* WHAT NEEDS TO BE DONE
Starting at the first entry below, repeat all the data word for word and drop the pictures.

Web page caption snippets

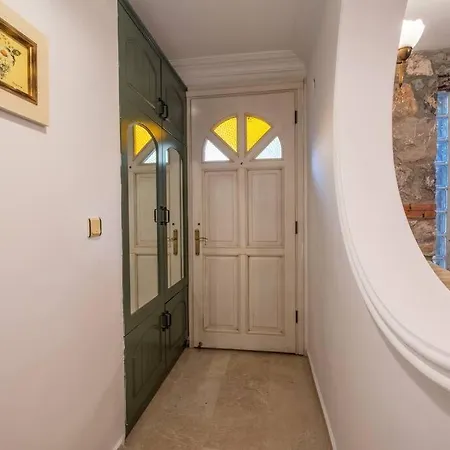 Oludeniz'de Genis Bahceli Villa-awz204 Villa *
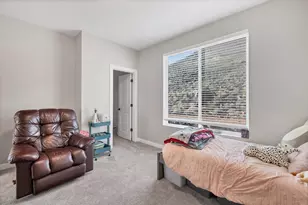 878 S Walker Way, Saint George, UT 84770 - Photo 34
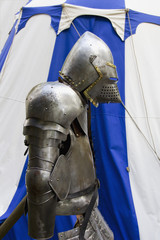 ritterruestung1007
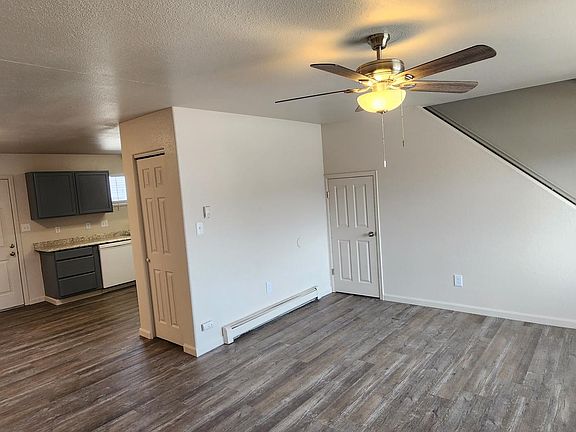 2nd image of 451 Cottonwood Lake Dr #B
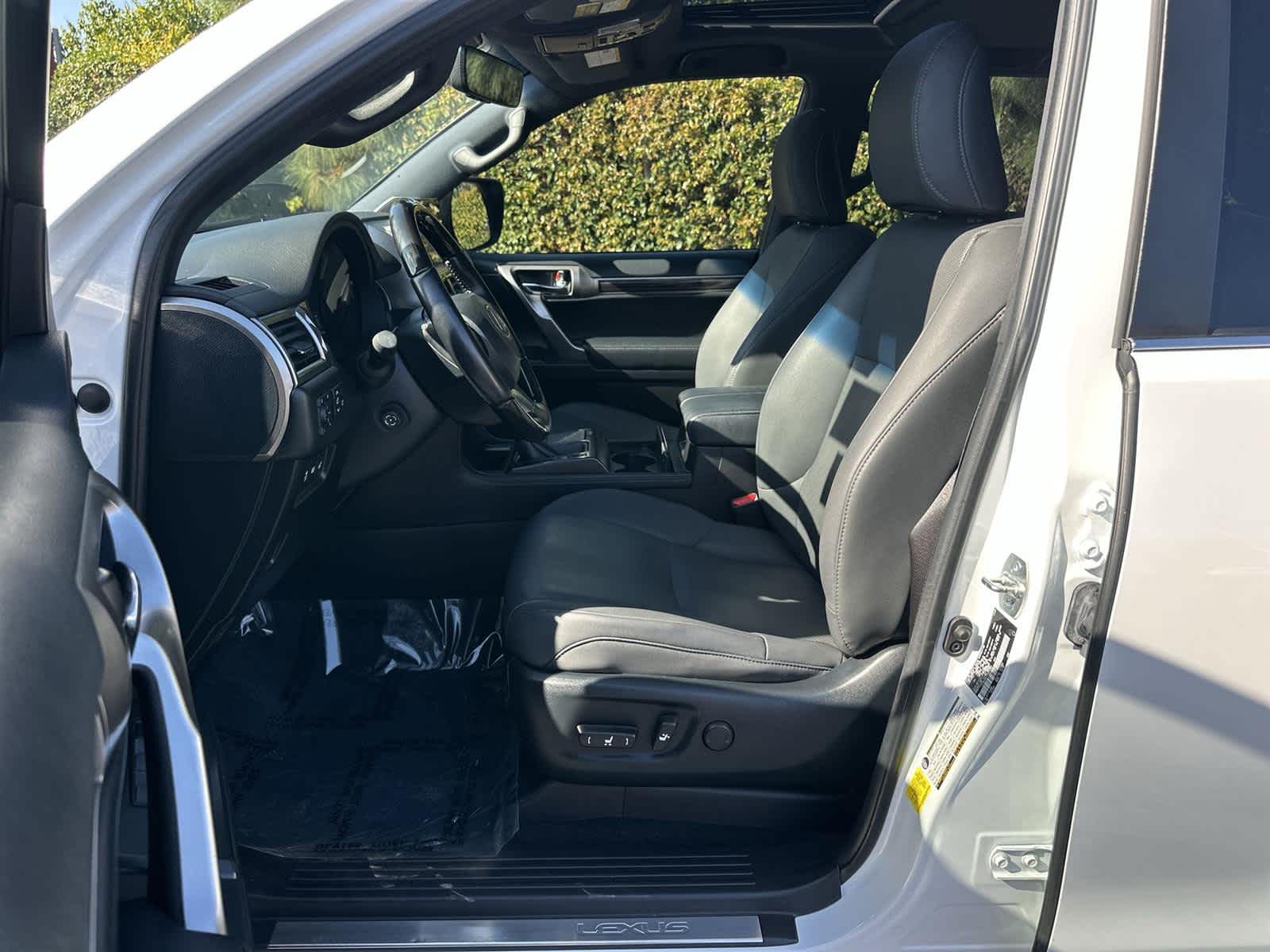 Thumbnail: 2022 Lexus GX - 11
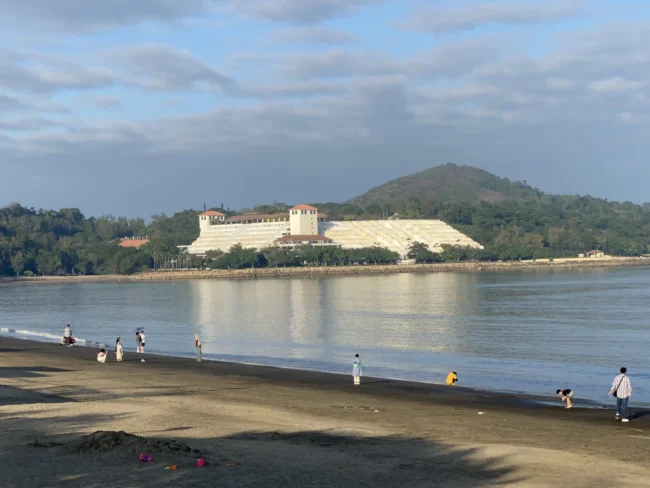 Hac Sa Beach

* COMPLETED TASK
 Oludeniz'de Genis Bahceli Villa-awz204 Villa *
 878 S Walker Way, Saint George, UT 84770 - Photo 34
 ritterruestung1007
 2nd image of 451 Cottonwood Lake Dr #B
 Thumbnail: 2022 Lexus GX - 11
 Hac Sa Beach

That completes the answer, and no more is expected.